Ej: hees. yeapps. it is meaningful olright. and yea, i have you now, you have me too, ok? LOVES.
Farlini: ouh i will, i will hugg you a million times!! =)
Nisa: thanks nisa. i love you ok? you have me too now. LOVED.
Doodie: heys. i love you too.
Athirr: hello! haha. yeapps. thanks fer reading then! :P

P.S: i love you gerls like many the many2 larh!

Sunday, April 15, 2007.

im being so thankful that i have caring people around me. and so to say, i have my gerlfriends. that includes my sec 4 friends. i love them. i have them. thanks ya'll. and i miss hugging farlini. everytime i saw herr and i forgot to hugg herr. maybe i was too focused on my new friends. sorry, sis. and ej, im sorry i didnt hugg you too knowing that you too have your own prob. and i think i was too focused on kiDd too. and i dont want to neglect gerlfys because i have new friends.

i love gerlfys. i really do. i feel like hugging iida now. iida, if you're reading this, you should know, that i love you sweetie. athirr, me hearts you ok? mirr, ahah! you're one gerl who love challenges. LOVED. anim?? you bad bad gerl dont like hugg! but i still love you like mad ok? ej? i love you too. ok? i have you, yes. and you have me, dont forget that. kiDd, you have your gerlfriends. you have me. you can hugg me for a million time for all i care. i love you ok?

but the biggest subject here is, i know everyone have their own problem. but so am i..?? i wanna share it with someone. someone different maybe? maybe different from gerlfys? they have heard enough of my probs. i dont want them to worry bout me anymore. and i wanna try sharing it with someone to see if it helps. coz i f you guys wanna know, sharing with different people can help. different people have different advise you see. therefore, im trynah find someone else to talk to. was considering sis. but she has her own prob. gee. i love you gerls. bear that in mind. LOVED.


gee. i almost forgot about suhailah. i love you, can? you have me too you know. but when we see each other we're like.. just wave or say 'hi'.. we should hugg you know?? and yea, ferst hugg was for my birthday. thanks. and i have you, right? LOVES.

gosh i forgot one VIP. the very VERY important person. NISA. i love you? NISA, thanks for being there for me. like gee, i cant show how much appreciation i have. thanks. ROSA, i love you ok? you have me too. and i have you i know. thanks for the huggs. LOVED.

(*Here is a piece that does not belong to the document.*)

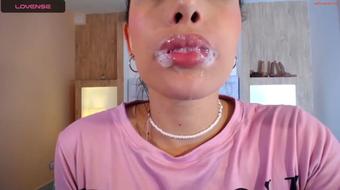Saliva-drenched dildo play fuels her deep throat expedition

its a success!! haha. i changed my own skin! haha. thanks iida for the right direction! i love you!! and yea, rosa, i love you lots. thanks for being there.. like gosh. its countless appreciation, babe. and yea, i have you. THANKS. ♥ i'll be there for you too, gorgeous! =) and yea, today didnt went out. was sooo tired. okok. gtg now. i love PEN!! woots! im LOOSE. nyaha!~

it sux though but when you put a pacifier in it, it sux even more;
- RubyoL___*


feels like changing of skin sey.

Saturday, April 14, 2007.

this vedio is like sooo touching.. its a vedio from parent trap. where the twins end up together again. and they brought back their parents together. sorry i cant find the full vedio. but i'll keep trying. meanwhile, ENJOY! Y



'it sux but when you put a pacifier in it, it sux even more.'; qouted this from dear teacher.

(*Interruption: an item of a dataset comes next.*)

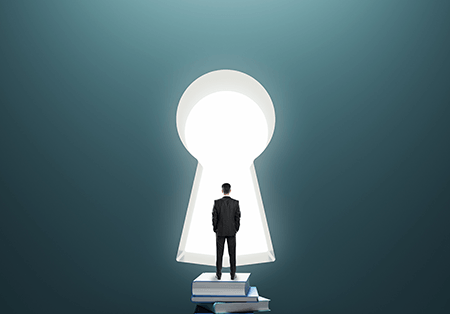A man standing on a stack of books in front of a large door in the shape of a key hole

and today went smoothly like normal fridays.
ferst two periods was P.E.
had a run through test for 2.4.
as usual, i failed.

and i cried.
deep inside.
along the run, naz, fifi, laila, veron and nisah
touch me.

gee. that sound so wrong.
NO, wait. they tap me.
haha. yea, thats it.
they tap me.

thats so toucing.
it touched my heart.
eun jin can pass..
why cant i?

its not that i dont want to.
but i cant.
wait, that sounds wrong, AGAIN.
its not that i cant.

i donno whats been stopping me.
but.. i remembered, last year, HNF mr maran run with me a few rounds w/o stopping.
and how cool is that?
therefore, i dont dare say i cant run w/o stopping.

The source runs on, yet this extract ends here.